START INFORMATION SUPPLIED

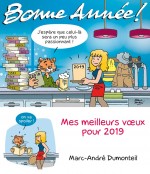 0-Voeux-2019-mail-Ma[3]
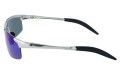 Polarzone 104-10 bok.jpg
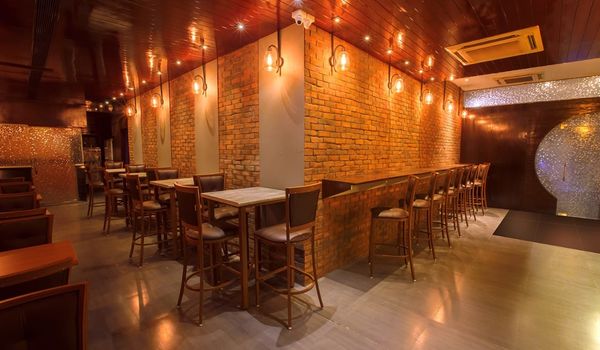 The Veg Bar by Aaoji khhaoji-Hinjawadi, Pune-restaurant/657525/restaurant020181017062349.jpg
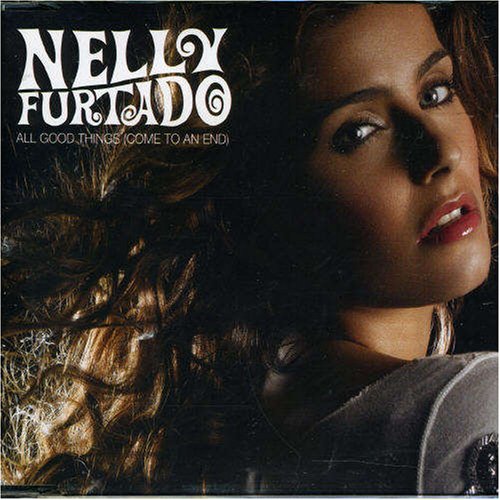 All Good Things Nelly Furtado Amazon.es CDs y vinilos} All Good Things Nelly Furtado Amazon.es CDs y vinilos}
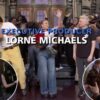 Gossip & rumors: scarlett johansson's 'snl' season 50 finale abruptly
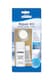 image 1 of Cramer - Ceramic Enamel Repair Kit Alpine - White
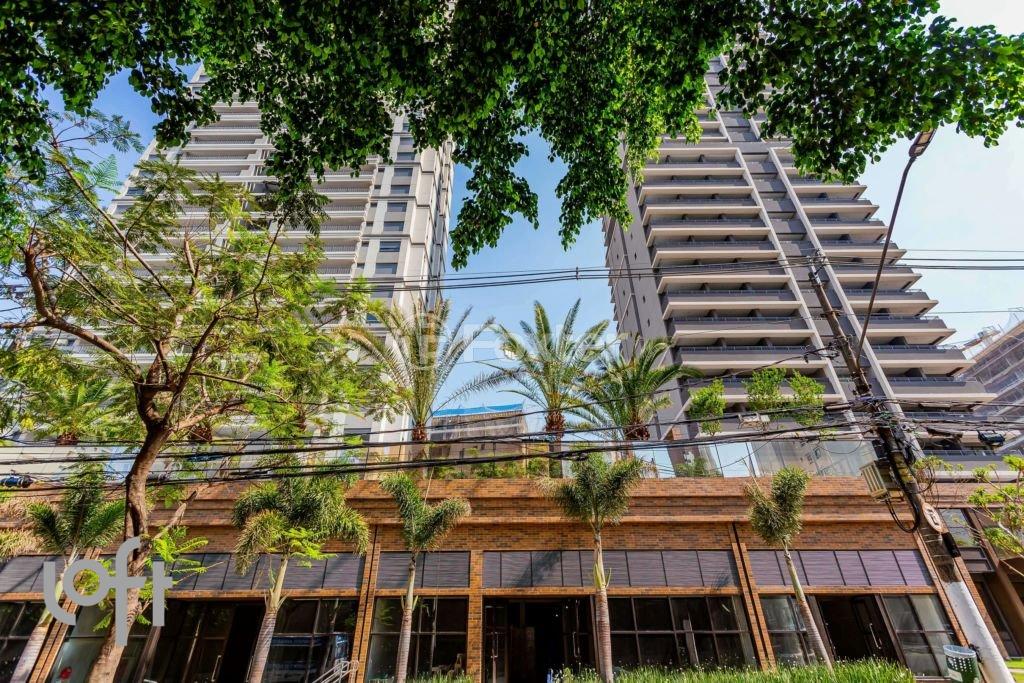 04-INFRA-619927 .jpg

END INFORMATION SUPPLIED

● TRY IT: Exactly the lines from the one with "The Veg Bar" through the end of the records are to be repeated, both ends included, and pictures are to be omitted.

● SOLVED EXERCISE:
 The Veg Bar by Aaoji khhaoji-Hinjawadi, Pune-restaurant/657525/restaurant020181017062349.jpg
 All Good Things Nelly Furtado Amazon.es CDs y vinilos} All Good Things Nelly Furtado Amazon.es CDs y vinilos}
 Gossip & rumors: scarlett johansson's 'snl' season 50 finale abruptly
 image 1 of Cramer - Ceramic Enamel Repair Kit Alpine - White
 04-INFRA-619927 .jpg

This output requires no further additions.